In Italia, ha ricordato in aula Ghizzoni, abbiamo «la maggiore dispersione scolastica in Europa, la minore percentuale di accesso all’università, il minor numero di laureati nella fascia 25-34 anni tra tutti i Paesi dell’Ocse: segni di una società largamente sotto-scolarizzata». Di qui la necessità - recentemente invocata anche dal presidente del Consiglio - di interventi stringenti per consentire un più ampio accesso agli studi superiori e per ripartire con sempre maggiore equità i finanziamenti agli atenei statali, soprattutto per colmare i divari territoriali. Perché se dal prossimo anno (dopo il decreto della ministra Stefania Giannini, che per il 2016/2017 ha elevato le soglie massime di Isee, l’Indicatore della situazione economica equivalente e Ispe, l’Indicatore della situazione patrimoniale equivalente), sarà più facile per gli studenti universitari disagiati e meritevoli accedere alle borse di studio, non lo sarà per tutti. Perché ad erogare i contributi per il diritto allo studio sono le singole regioni, che possono adeguarsi o meno al decreto numero 174 dello scorso 23 marzo. A rimanere indietro sarà ancora una volta il meridione.
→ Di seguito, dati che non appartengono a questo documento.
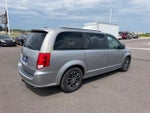 2019 Grand Caravan Thumbnail 5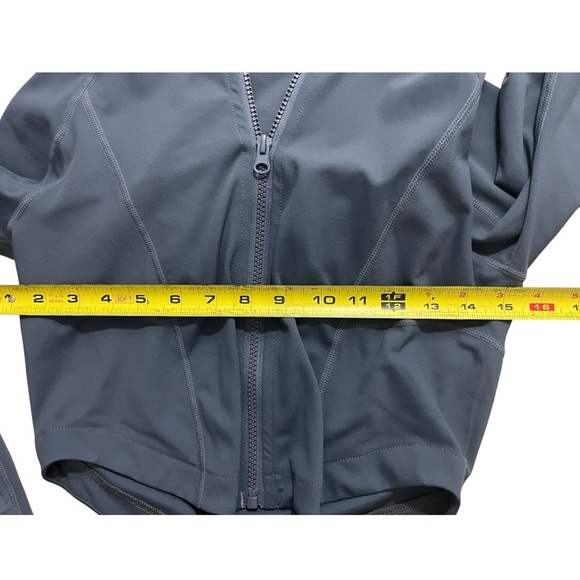 Gold Hinge Full Zip Cropped Jacket - Picture 6 of 6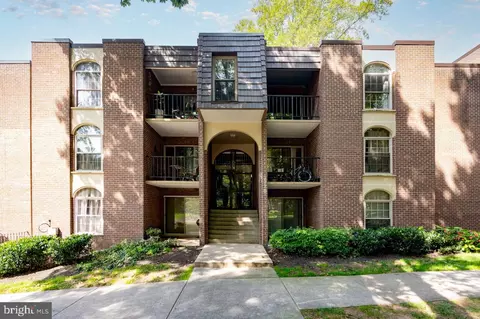 3326 Woodburn Village Dr #3326-34, Annandale, VA 22003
Link-Coordinamento universitario ha recentemente fatto la fotografia di un Italia spaccata in due. «Ad oggi - afferma Alberto Campailla, portavoce di LINK - solo Emilia Romagna, Piemonte, Lazio e Abruzzo hanno già emanato la delibera regionale che ha spostato le soglie portandole a coincidere con il massimale nazionale (23mila di Isee e 50mila di Ispe).
Gli studenti di Link stanno portando avanti una campagna chiamata «All In»per raccogliere firme per la proposta di una Legge di iniziativa popolare sul Diritto allo
Studio. Fra gli obiettivi, reali agevolazioni tariffarie sulle mense, sul trasporto locale, sull’accesso alla cultura, canoni calmierati per gli alloggi. Ma anche l’istituzione di una «no tax area» per chi ha un’Isee inferiore ai 28mila euro. Un’operazione che, hanno calcolato, significherebbe esentare il 39% degli studenti e costerebbe 650 milioni di euro, da ricavare da un incremento del Fondo di Finanziamento Ordinario.
Sul passaggio parlamentare, positivo il commento dell’Unione degli Universitari: «Da anni - dice il coordinatore, Jacopo Dionisio - denunciamo costantemente le carenze del sistema universitario italiano. L’approvazione di queste mozioni è un passo significativo, ma non può che essere il primo. Ora chiediamo al governo di assumersi la responsabilità di mettere in campo delle revisioni importanti del sistema di funzionamento del sistema universitario, e soprattutto, di ascoltare con attenzione le parti coinvolte, a partire proprio da noi studenti».